Rafael Nuñez Lagos proclamava que “no princípio foi o documento. E o documento criou o notário”. Amigos, cada palavra inscrita nos livros de registro representa uma averbação perene no belo Livro da Vida.

Nunca se esqueçam: “dar fé”, como damos aos nossos registros, é um ato sagrado e é por isso que dizemos que o ato feito e acabado acha-se “consagrado” nos livros de registro. As nossas certidões são expressão da verdade.

Uma vez escrevente, sempre escrevente! – o referido é verdade e dou fé.

FELIZ DIA DO ESCREVENTE.

Antes que o texto se esvaia feito o perfume da rosa que fenece na madrugada, deixe-me dizer quem são as figuras da foto.

O primeiro deles é ANSEMO MARCOS MENDES. Ele foi um escrevente no Primeiro Registro de Imóveis de São Bernardo do Campo, São Paulo. Um homem singular, opiniático, o que pode ser considerado uma expressão do seu tempo.

Trabalhávamos no registro. Hoje diríamos – “na qualificação”. Anselmo era eficiente, rápido, inteligente. Tinha sacadas hilárias, um sorriso lindo e generoso. Fazia as coisas em parceria com outro escrevente, Gilberto Bonício, hoje escrevente do 15 SRI de São Paulo.

Já o segundo é o CLAUDEMIR DAURÉLIO, um anjo delicado e nós o chamávamos de “Nenê”. Ele provinha de uma família cuja característica mais marcante era a singeleza, a pureza de alma. Traziam não sei de onde essa docilidade ímpar, cativante, singular… Há algo de espiritual e profundo na personalidade do amigo que me escapa completamente. Ele era irmão de Odair Daurélio, outro anjo que nos deixaria antes dele.

Odair amava as orquídeas, o Nenê era o amigo doce e terno, amoroso, bom ouvinte. Lembro-me dos dois assim, juntos; eram, ambos, a expressão de uma estirpe de homens bons e pacíficos.

Anselmo e Claudemir, como tantos do meu tempo de escrevente, partiram muito cedo. Deixaram sementes que hão de germinar e nos darão o testemunho do que foi o homem e o profissional.

Aos poucos tudo se esvai e perime. Ficam as inscrições e registros que lavramos. Assim é o homem e suas obras.

Dia do escrevente de cartório

Comemoramos, neste 3 de junho, o “dia do escrevente de cartório”. A efeméride está registrada na Wikipédia e vale a pena relembrar algumas passagens relativas à data e a estes importantes personagens dos cartórios judiciais e extrajudiciais – o escrevente de cartório.
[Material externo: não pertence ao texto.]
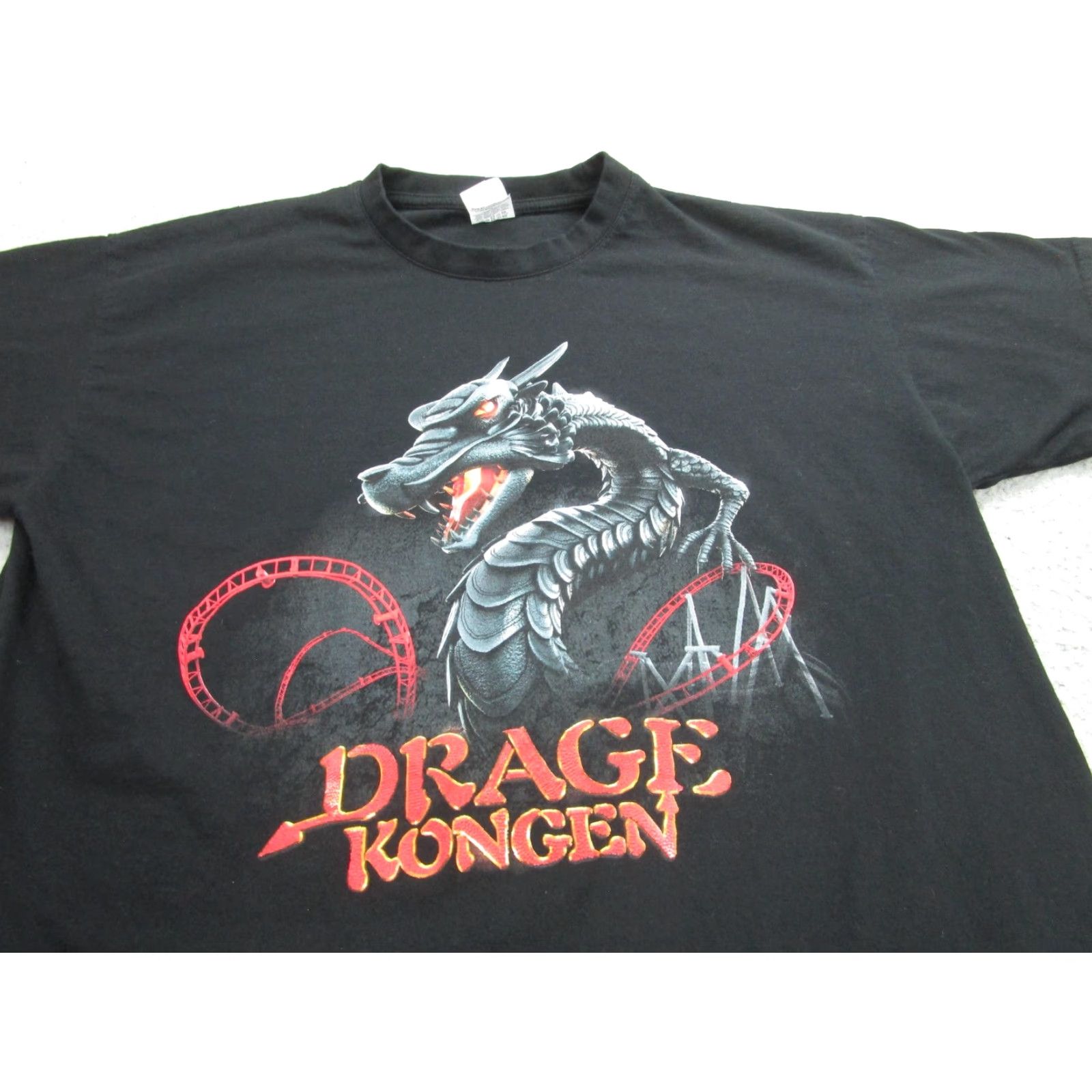 Vintage B&C Drage Kongen Shirt Mens XL Black Dragon Graphic Tee Roller Coaster Theme Park Short Sleeve Crew Neck 100% Cotton Size US XL / EU 56 / 4 - 2 Thumbnail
No dia 9 de julho de 1953, o então deputado paulista Rogê Ferreira apresentaria, na Sala das Sessões Plenárias da Assembleia Legislativa do Estado de São Paulo, o Projeto de Lei 648, de 1953, que dispunha sobre a comemoração do “Dia do Escrevente de Cartório”. Assim o justificava o deputado:

“Das mais importantes é sem dúvida a atuação dos escreventes de cartório na execução dos serviços judiciais e extrajudiciais. Classe numerosa e esquecida, ainda há pouco tempo estava sujeita às maiores injustiças por falta de leis que regulassem devidamente os seus direitos.

Após anos de luta em defesa de suas reivindicações, vêm os escreventes merecendo acolhida melhor. Numa justa homenagem a tão laboriosa classe e considerando magnifica a idéia sugerida em entrevista publicada pelo jornal “A Defesa”, de Campinas, no dia 3 do corrente mês, apresentamos o presente projeto de lei”.

O projeto apresentado trazia a assinatura de outro parlamentar, Alfredo Farhat, que empreenderia uma batalha contra os serventuários de justiça de São Paulo, buscando a “oficialização dos cartórios”.

O PL 648/1953 tramitou de maneira remansosa e contou com o parecer favorável da Comissão de Constituição e Justiça da ALESP (Parecer 613, de 16/6/1953).